In light of the news last week that the UK Government has passed a new law that will overrule the Trade Union (Wales) Act, we will today, return to the topic of devolution to examine whether Wales now needs its’ own Bill of Rights to protect fundamental human and worker’s rights.
In order to protect the rights of workers in Wales to strike, the Welsh Government enacted legislation that was given royal assent in 2017. The law prohibited devolved Welsh public authorities from using agency workers to cover the duties of staff engaged in industrial action.
Following on from the impact of the UK wide rail strikes earlier this month, the UK Government has now introduced a law that makes it easier for businesses to employ temporary agency workers during industrial action.
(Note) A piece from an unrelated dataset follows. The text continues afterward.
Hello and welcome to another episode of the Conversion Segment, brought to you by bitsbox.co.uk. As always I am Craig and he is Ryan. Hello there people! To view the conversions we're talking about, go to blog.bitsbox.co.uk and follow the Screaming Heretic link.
This rather defeats the object of striking – the purpose of which is to cause temporary disruption in an effort to uphold workers’ rights and is often an essential bargaining tool for negotiation.
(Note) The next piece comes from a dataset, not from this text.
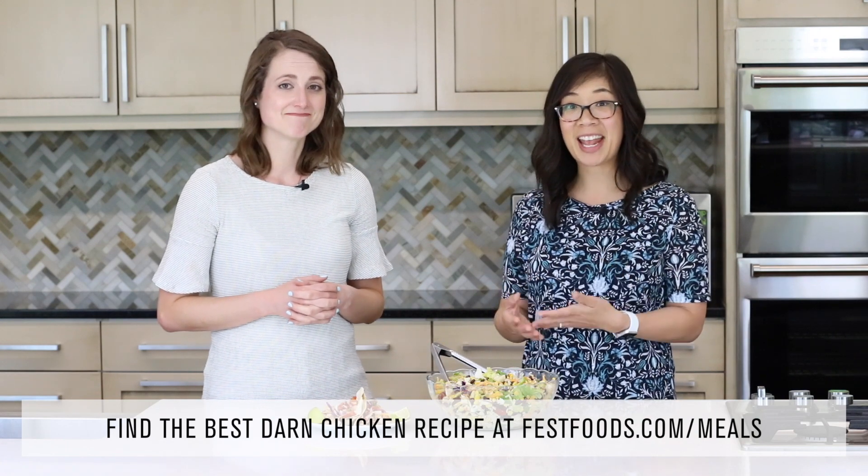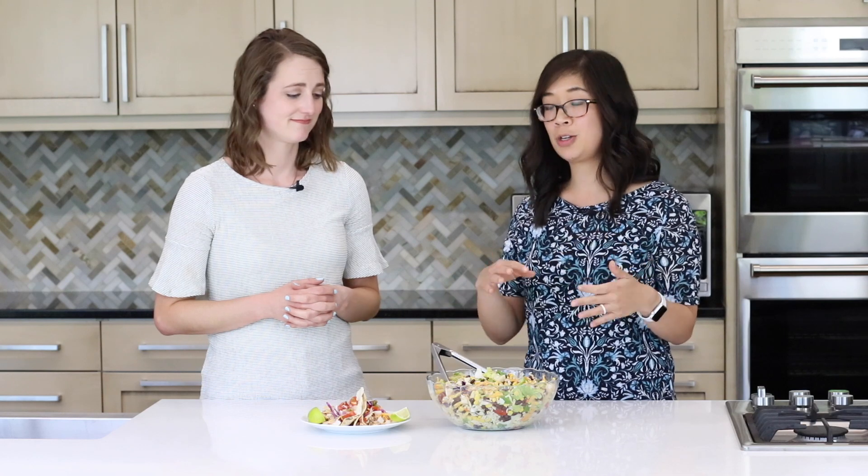We just whipped up a recipe for the best darn chicken — it's a really good, very versatile recipe, super basic with ingredients that you already have on hand. We just cooked up some chicken breasts, but you could totally use thighs with this as well, and we are using it in two different meals so you aren't just eating plain old chicken breasts.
This law also affects workers’ bargaining positions in Wales.
Whatever anyone may think of the disruption caused by industrial action, Welsh postmodern history is steeped in the tradition of upholding workers’ rights, from the Merthyr Riots of 1831 to the Great Penrhyn Quarry Strike of 1900 – 1903. The latter was founded on safe working conditions inasmuch as fair pay.
However, in an act that has been deemed “brazen” by one Plaid Cymru MP, it is now clear that the law passed by the UK Government will supersede the Wales Trade Union Act, which was designed to protect the integrity of industrial action.
What’s more, the UK Government has gone further, raising the maximum that courts can award against a trade union for “unlawful” strike action, from £250,000 to £1 million.
Such developments should trouble all workers, particularly during a cost of living crisis where only last week, the Office of National Statistics reported pay increases of 7.2% in the private sector and 1.5% in the public sector in the three months leading up to May 2022.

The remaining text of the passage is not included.